Bodies, Flight Recorders Sought in Black Sea

ReutersRelatives grieving at an identification procedure at a Sochi morgue Thursday.
SOCHI -- Searchers combed the waters off the resort city of Sochi on Thursday, looking for bodies and a flight recorder from an Armenian passenger jet that slammed into the Black Sea in bad weather and ripped apart, killing all 113 people on board.

Anguished relatives and friends gathered at a central hotel and at a city morgue, where many stared ashen-faced at grotesquely disfigured faces and bodies appearing in coroners' photographs.

Transportation Minister Igor Levitin said just 28 bodies had been identified so far, out of a total of 53 recovered.

Levitin told reporters that searchers had located a large part of the plane's fuselage that was emitting a radio signal believed to be from a flight recorder.
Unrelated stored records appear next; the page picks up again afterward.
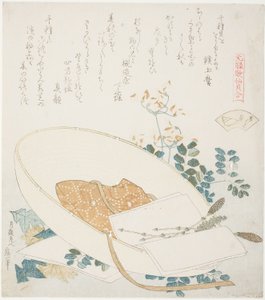 Flores recién recogidas en el sombrero de un viajero, ilustración para La concha de las mil hierbas (Chigusagai), de la serie "Un juego de emparejamiento con conchas de poemas del período Genroku (Genroku kasen kai awase)" de Katsushika Hokusai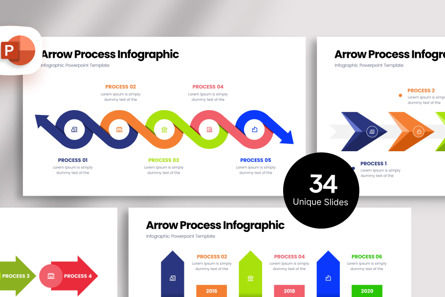 Arrow Process - Infographic PowerPoint Template, Plantilla de PowerPoint, 11641, Negocios — PoweredTemplate.com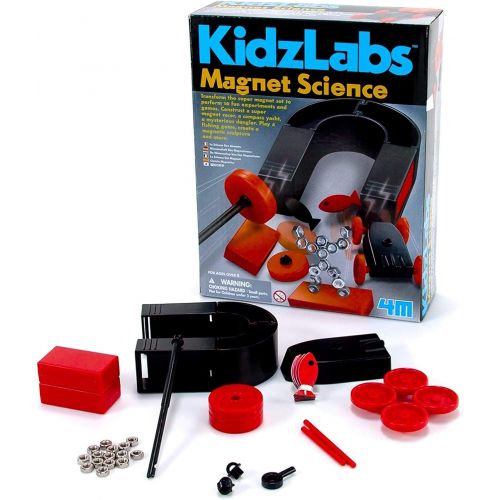  4M Magnet Science Kit - 10 Magnetic Experiments & Games (over 25 pieces to Build & STEM Learn From) - Power the Racer with a Magnet, Levitate a Magnet, Magnetic Yacht & Fishing, Bo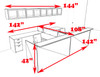 12pc 12' Feet U Shaped Glass Counter Reception Desk Set, #CH-AMB-R23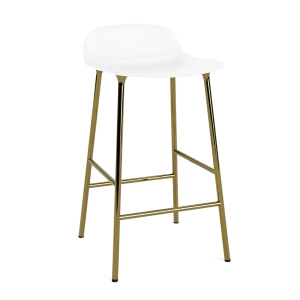 NORMANN COPENHAGEN krzesło barowe FORM STEEL 65cm mosiądz / białe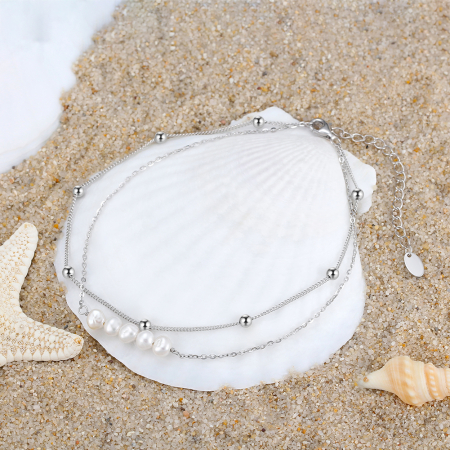 Bratara de glezna Fabiana din argint rodiat cu perle de cultură – eleganță și delicatețe [2]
But he said the piece of debris lay in some 680 meters of water and that authorities did not have the equipment to raise the wreckage.

"We will turn to other countries that have experience in raising objects from the depths," he said.

The Airbus A320 plunged into the sea in the pre-dawn hours Wednesday in heavy rain and poor visibility as it was approaching the airport in Adler, about 20 kilometers south of Sochi. Searchers found wreckage spread over a wide area about 6 kilometers offshore.

"We are not considering any working theory until we get a better understanding of the events that took place, and that will require deciphering the black boxes," Levitin said earlier.

Prosecutors dismissed the possibility of terrorism, and other officials pointed to the rough weather or pilot error as the likely cause.

The head of the Georgian air control agency, which covered 90 percent of the Armavia jet's final flight, said the crew had begun to return to the Armenian capital, Yerevan, because of weather conditions around Sochi but that when it was over the Georgian city of Kutaisi, Russian air controllers announced the weather at Adler airport had improved.

"And since they had enough fuel, the pilot decided to fly back to Adler," agency chief Georgy Karbelashvili said.

Interfax, citing a source in the Russian commission investigating the disaster, said there was information indicating the crew was informed just 5 to 6 kilometers from the runway, when the plane was at an altitude of 300 meters, that landing was "not recommended." The source said the plane was turning back when it hit the water.

In televised comments, President Vladimir Putin told Prosecutor General Vladimir Ustinov to work fast to determine the cause of the crash, but acknowledged that it would be difficult without flight recorders.

At a Sochi morgue, grim-faced relatives -- mostly men -- peered at a nearly 2-meter-high wooden board in the courtyard holding coroner photographs, some showing barely recognizable corpses and faces. Forensic authorities emerged from the building periodically, asking if anyone had recognized a person in the photographs.